O aumento robusto das novas encomendas e volumes de produção levaram ao ritmo mais acentuado para a criação de emprego no segundo semestre de 2016. Entretanto, a maior despesa dos clientes e a confiança empresarial otimista resultaram no maior acúmulo de estoques de pré-produção desde agosto de 2014.

Ajustado pelas influências sazonais, o Índice de Gerentes de Compras do Markit (PMI ) registrou 54,3 em dezembro, de 54,1 em novembro. Os dados foram apresentados nesta terça-feira.

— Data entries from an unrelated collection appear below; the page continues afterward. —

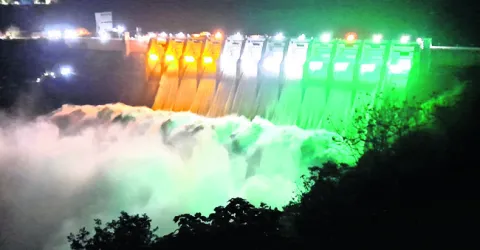 శ్రీశైలం ప్రాజెక్టుకు నిలకడగా వరద 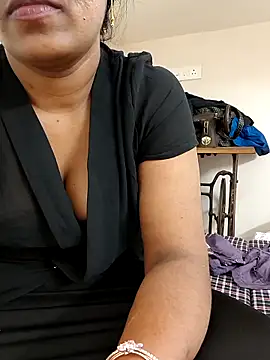 __cute__ammai__'s cam snapshot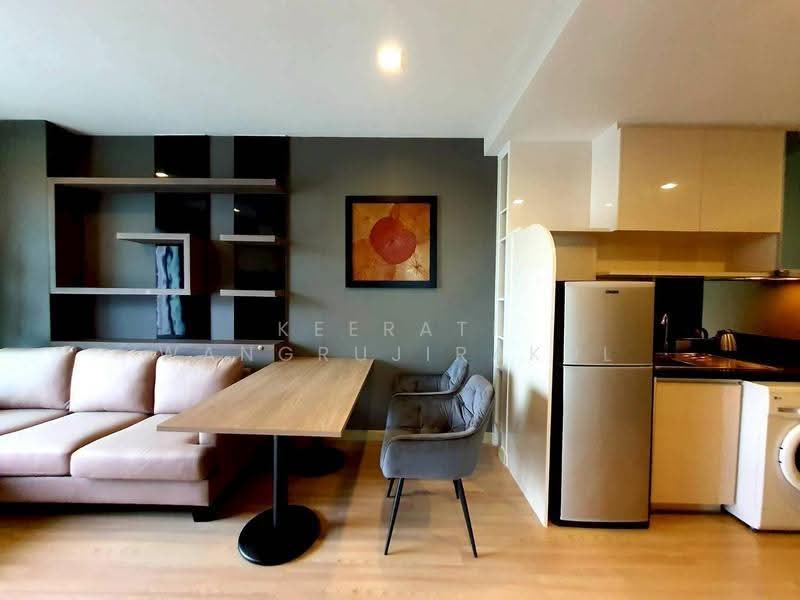 Sky Walk Residences, Bangkok, 1599 Sukhumvit Road, Phra Kanong Nua, Watthana, Bangkok, 1 Bedroom, 54 sqm, Condo For Rent, by Keerati Wangrujirakul, 500513168 - DDproperty.com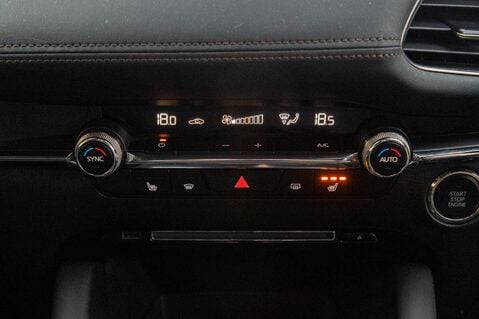 Mazda 3 SPORT LUX MHEV 34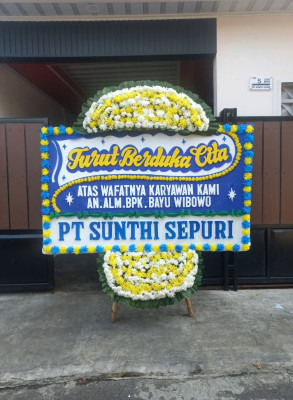 Papan Bunga Duka di Dusun Utara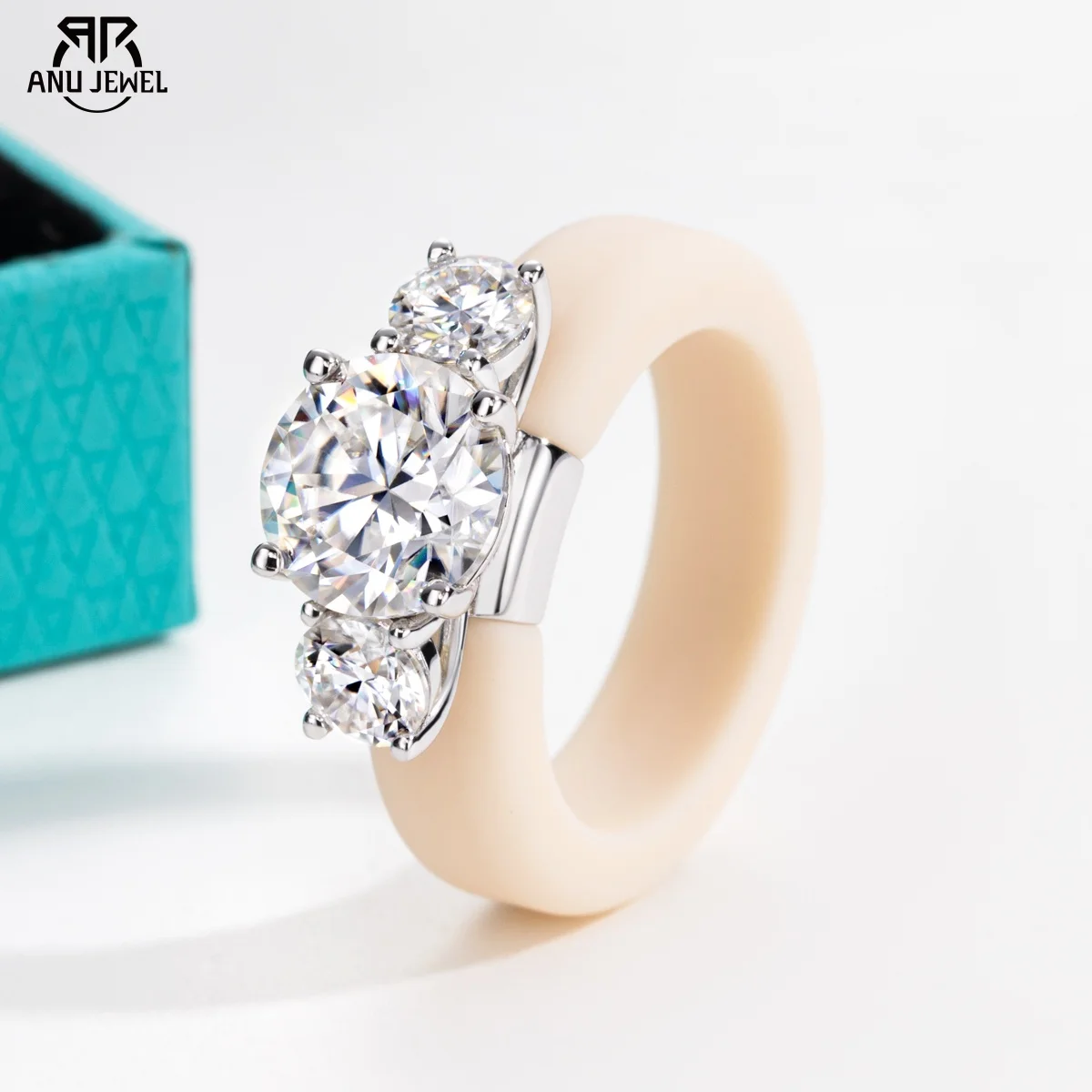 anillo-de-silicona-con-incrustaciones-de-moissanita-de-4-quilates-de-anujewel-anillo-de-boda-de-plata-de-ley-925-con-tres-piedras-ajuste-comodo-de-goma-para-mujer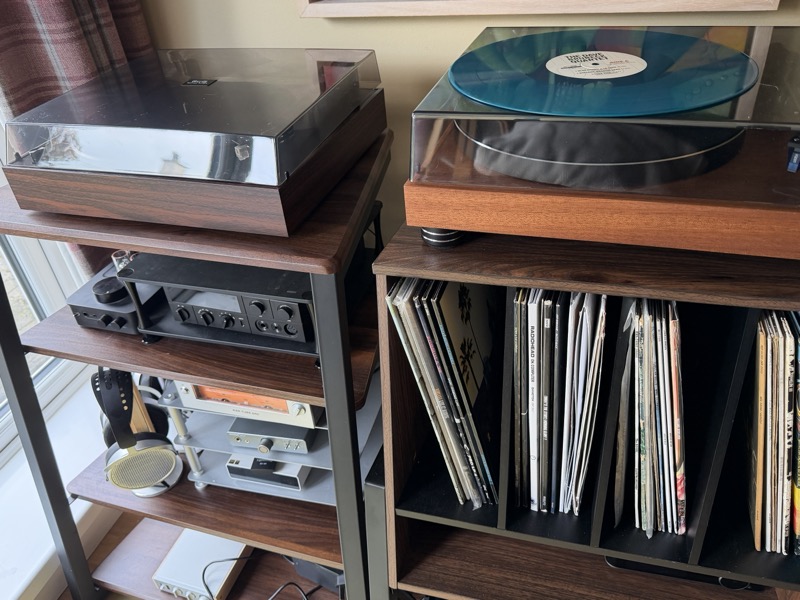 tt11 in the setup with an Argon turntable and blue vinyl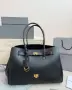 Balenciaga Дамска чанта, кожа, снимка 10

Os gastos com construção nos Estados Unidos subiram mais do que o esperado em novembro, atingindo seu maior nível em 10 meses e meio, o que poderia elevar o crescimento econômico no quarto trimestre. Os dados são do Departamento de Comércio norte-americano.

Os gastos com construção aumentaram 0,9% para US $ 1,18 trilhões, o maior nível desde abril de 2006. O indicador foi impulsionado por ganhos no investimento do setor público e privado.

Os gastos com construção em outubro foram revisados de um aumento de 0,6%, ante o aumento de 0,5% mostrando anteriormente. Os gastos com construção subiram 4,1% em relação ao mês de novembro de um ano.

O índice da indústria de manufatura cresceu em dezembro no ritmo mais rápido em dois anos, refletindo a maior produção e o maior crescimento de pedidos desde agosto de 2009.

O Instituto de Gerenciamento de Abastecimento (ISM) mostrou que seu índice subiu para 54,7. Leituras acima de 50 indicam crescimento. A medida das ordens do ISM subiu 7,2 pontos, enquanto o indicador de preços pagos por materiais subiu para o nível mais alto desde junho de 2011.

O salto nas reservas, incluindo o maior ritmo de pedidos de exportação desde maio de 2014, ajudará a manter as fábricas em bases sólidas no início deste ano, à medida que a confiança dos negócios melhorar. Os empresários responderam às perspectivas mais brilhantes ao contratar mais e ao ritmo mais rápido desde meados de 2015, de acordo com o relatório do ISM.